▶ _Your goal_
Transcribe the entries exactly. Omit the pictures.

##########

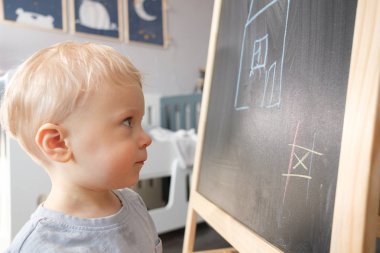 Çocuk evde boya kalemi ile tahtaya çizer.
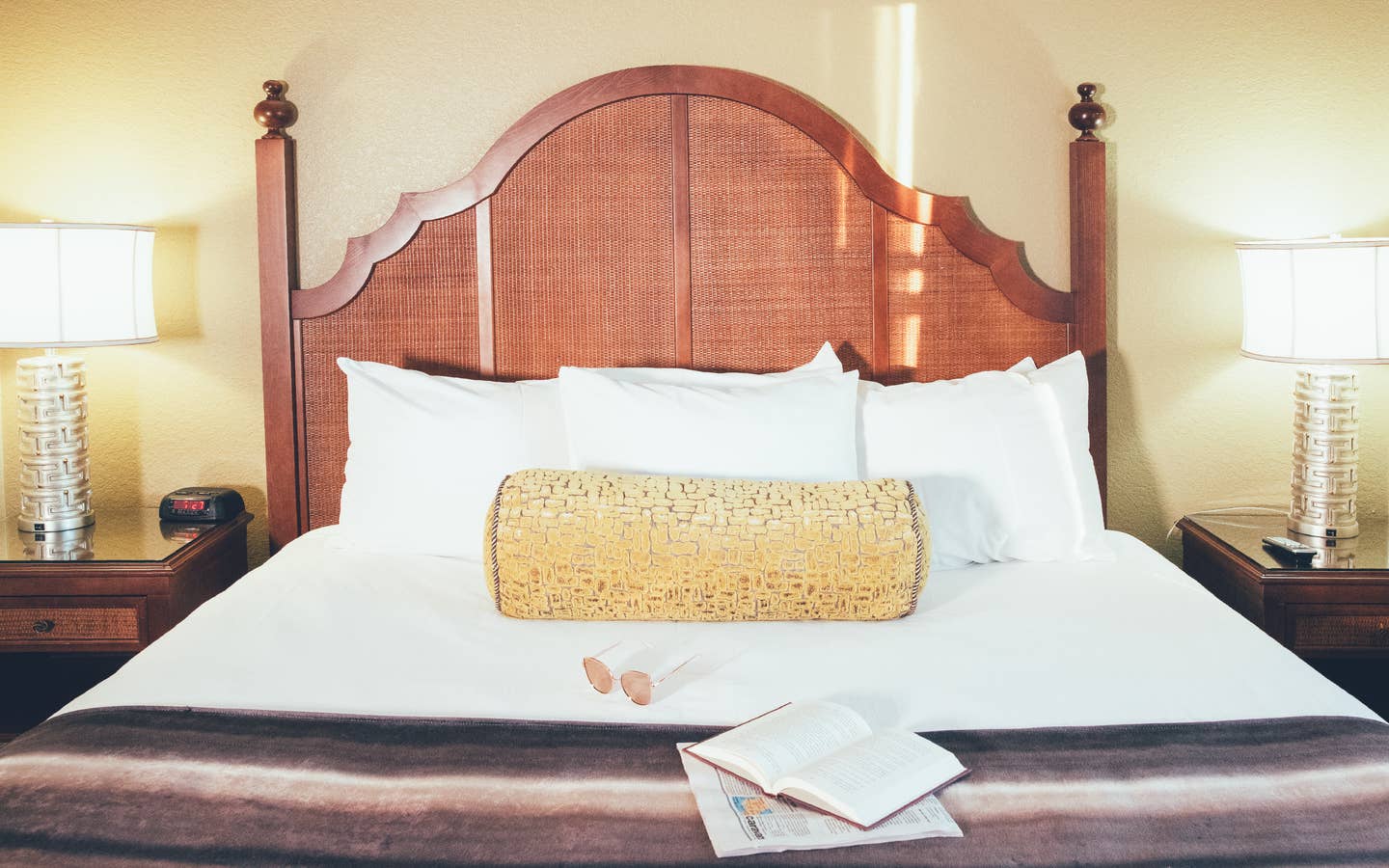 Bed with book and newspaper laying on top of covers in a Signature villa in River Island at Orange Lake Resort near Orlando, Florida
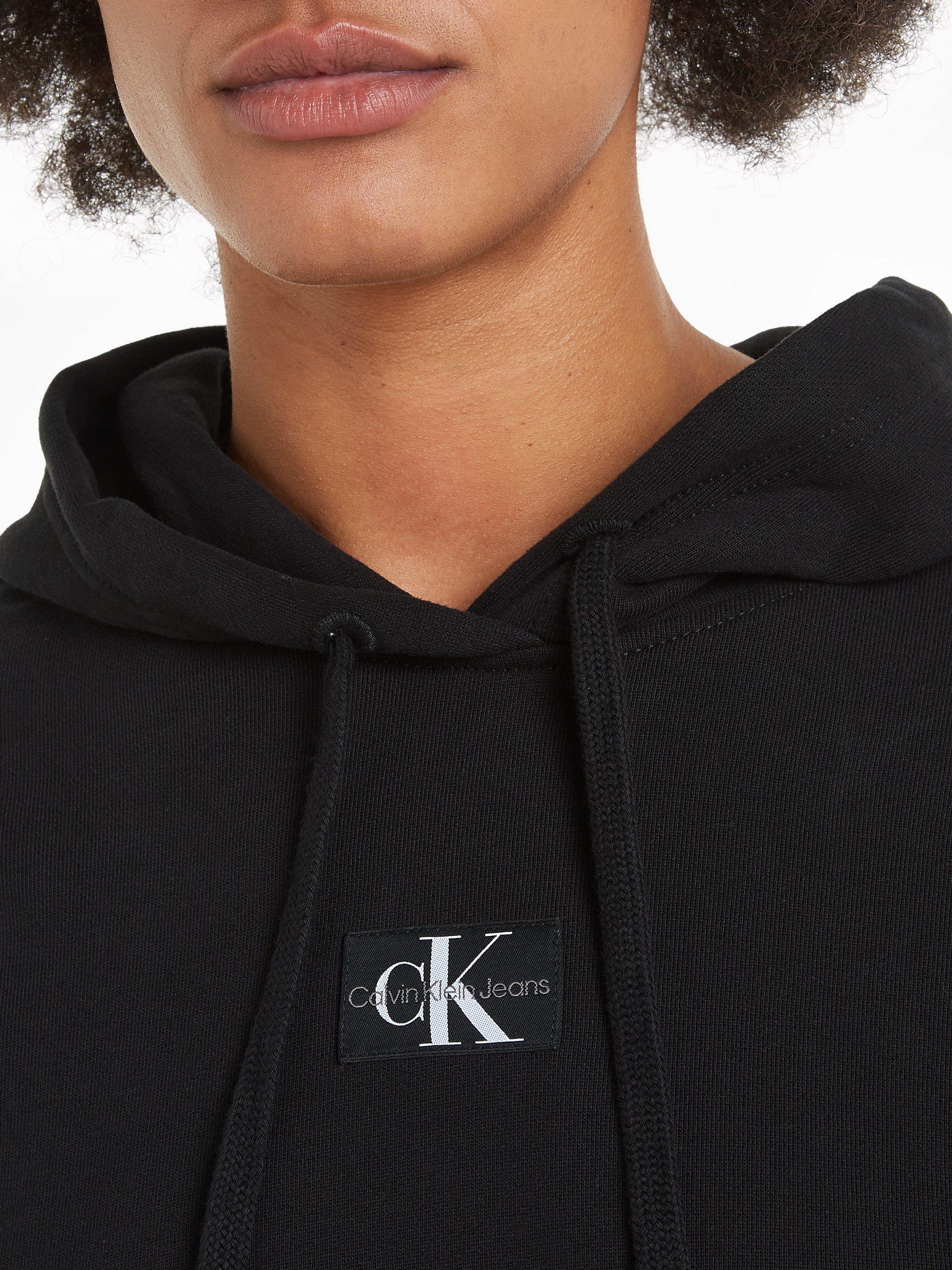 Calvin Klein Lang sweatshirt WOVEN LABEL OVERSIZED HOODIE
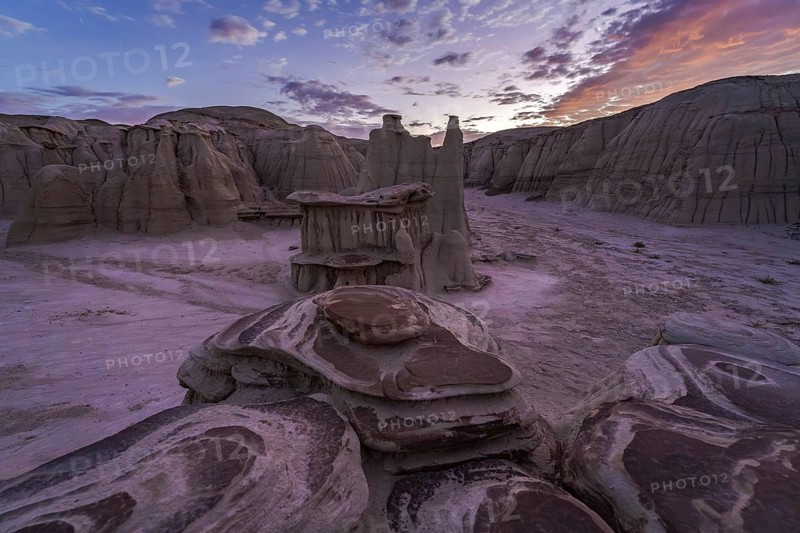 Dusk falls over the unique sandstone formations of the Bisti/De-Na-Zin Wilderness in New Mexico, showcasing the natural beauty and otherworldly landscape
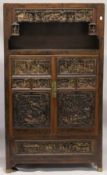 A VERY GOOD CHINESE LACQUERED CABINET inset with numerous carved panels of very high quality. The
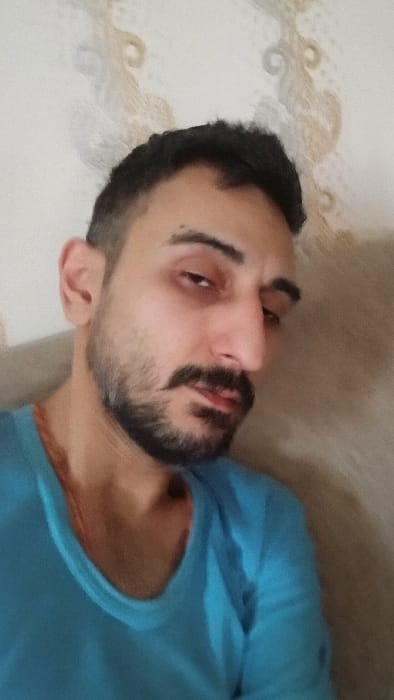 Man photographed lying down in Parand, Iran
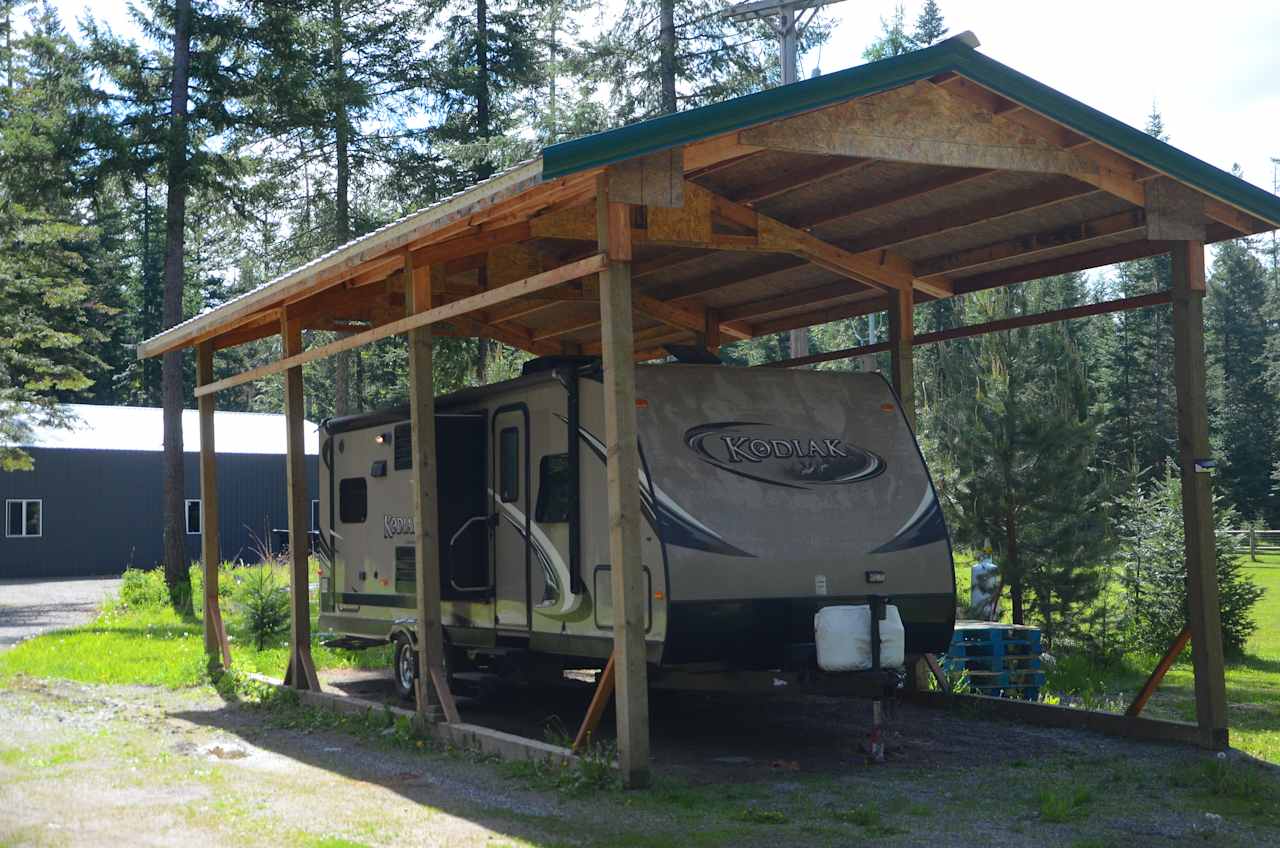 Kodiak shack aka Site 4 is one of two of our RVs available for rent. This one comes stocked with Games, Movies, and snacks including a s’mores kit.

It has AC and heat and can comfortably sleep 4 people. This space also has WiFi and Roku TV.

The outdoor picnic/BBQ area is semi private, has a propane fire pit, grill, and a picnic table enclosed by a canopy with bug netting so you can enjoy meals without the elements or stinging insects bothering you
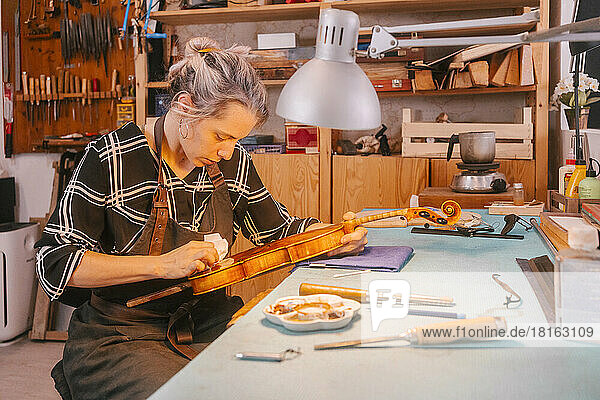 Gitarrenbauer poliert und repariert Geige am Schreibtisch in der Werkstatt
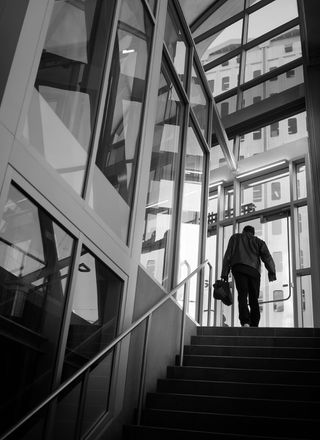 一名男子使用大楼内楼梯的灰度照片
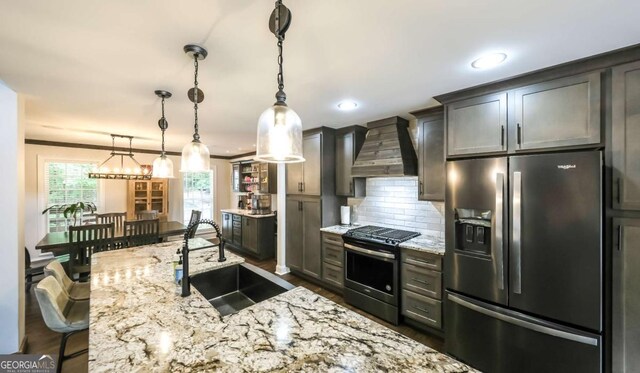 180 Mountain Path, Rockmart, GA 30153 - kitchen featuring appliances with stainless steel finishes, wall chimney range hood, a sink, light stone countertops, and decorative backsplash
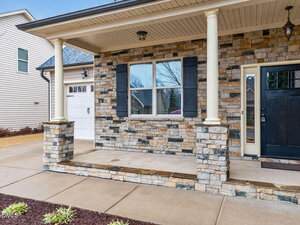 A small front porch with two columns, stone facade, black shutters, a black front door, and a window. The porch has a concrete floor and steps, with a driveway and siding visible on the left.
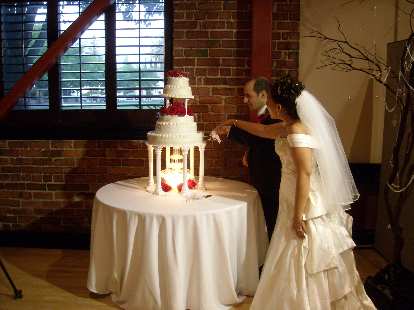 Trang and Naoum cut their wedding cake. Trang and Naoum cut their wedding cake.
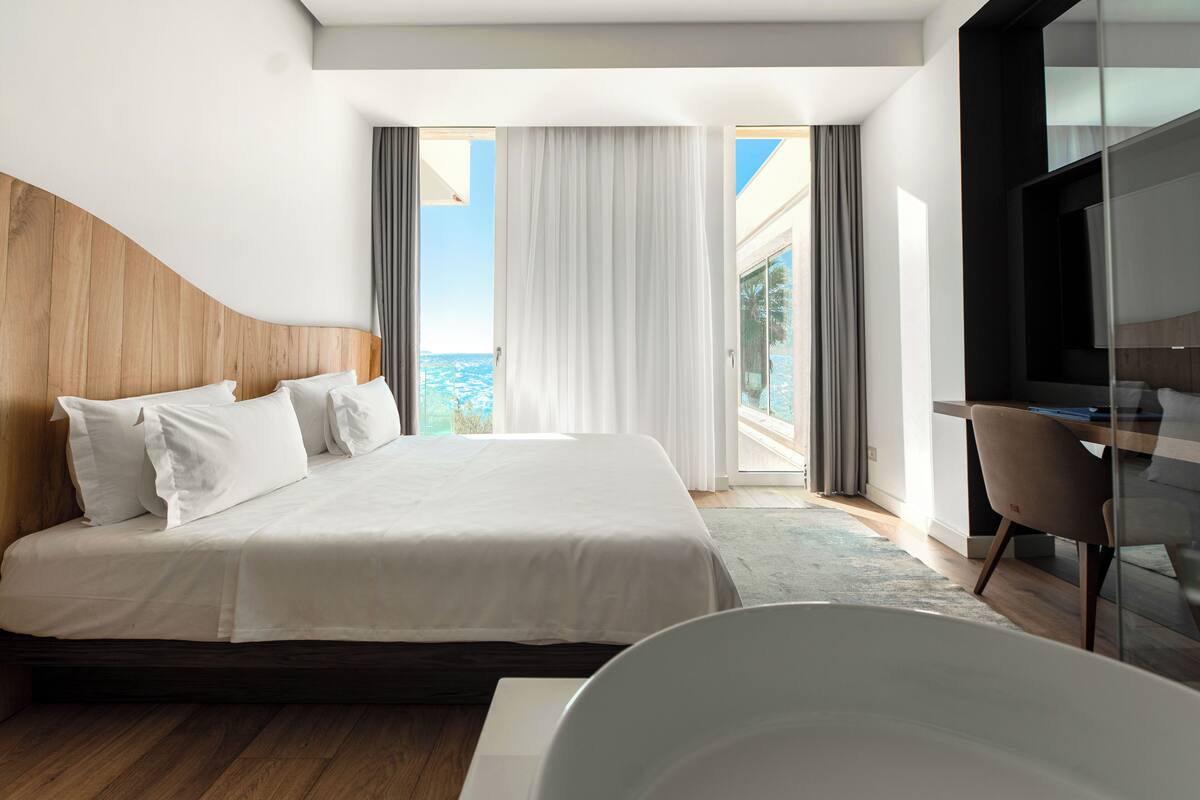 Una habitación de hotel moderna con una cama grande, un escritorio y vistas al océano.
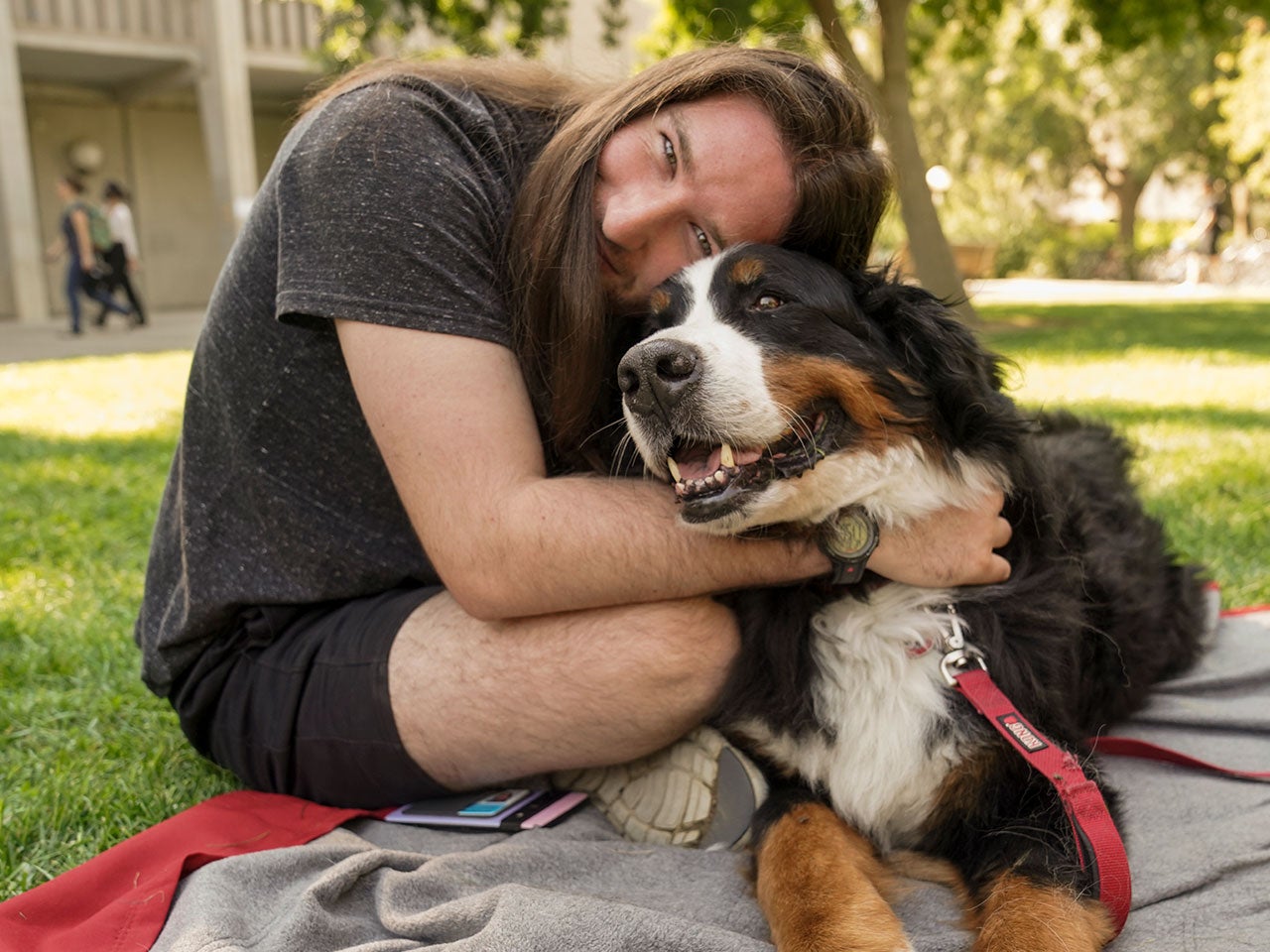 A ˽̳ Davis student sits on a blanket in the quad and hugs a large, smiling brown, black and white dog.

##########

▶ _Answer section_
 Çocuk evde boya kalemi ile tahtaya çizer.
 Bed with book and newspaper laying on top of covers in a Signature villa in River Island at Orange Lake Resort near Orlando, Florida
 Calvin Klein Lang sweatshirt WOVEN LABEL OVERSIZED HOODIE
 Dusk falls over the unique sandstone formations of the Bisti/De-Na-Zin Wilderness in New Mexico, showcasing the natural beauty and otherworldly landscape
 A VERY GOOD CHINESE LACQUERED CABINET inset with numerous carved panels of very high quality. The
 Man photographed lying down in Parand, Iran
 Kodiak shack aka Site 4 is one of two of our RVs available for rent. This one comes stocked with Games, Movies, and snacks including a s’mores kit.

It has AC and heat and can comfortably sleep 4 people. This space also has WiFi and Roku TV.

The outdoor picnic/BBQ area is semi private, has a propane fire pit, grill, and a picnic table enclosed by a canopy with bug netting so you can enjoy meals without the elements or stinging insects bothering you
 Gitarrenbauer poliert und repariert Geige am Schreibtisch in der Werkstatt
 一名男子使用大楼内楼梯的灰度照片
 180 Mountain Path, Rockmart, GA 30153 - kitchen featuring appliances with stainless steel finishes, wall chimney range hood, a sink, light stone countertops, and decorative backsplash
 A small front porch with two columns, stone facade, black shutters, a black front door, and a window. The porch has a concrete floor and steps, with a driveway and siding visible on the left.
 Trang and Naoum cut their wedding cake. Trang and Naoum cut their wedding cake.
 Una habitación de hotel moderna con una cama grande, un escritorio y vistas al océano.
 A ˽̳ Davis student sits on a blanket in the quad and hugs a large, smiling brown, black and white dog.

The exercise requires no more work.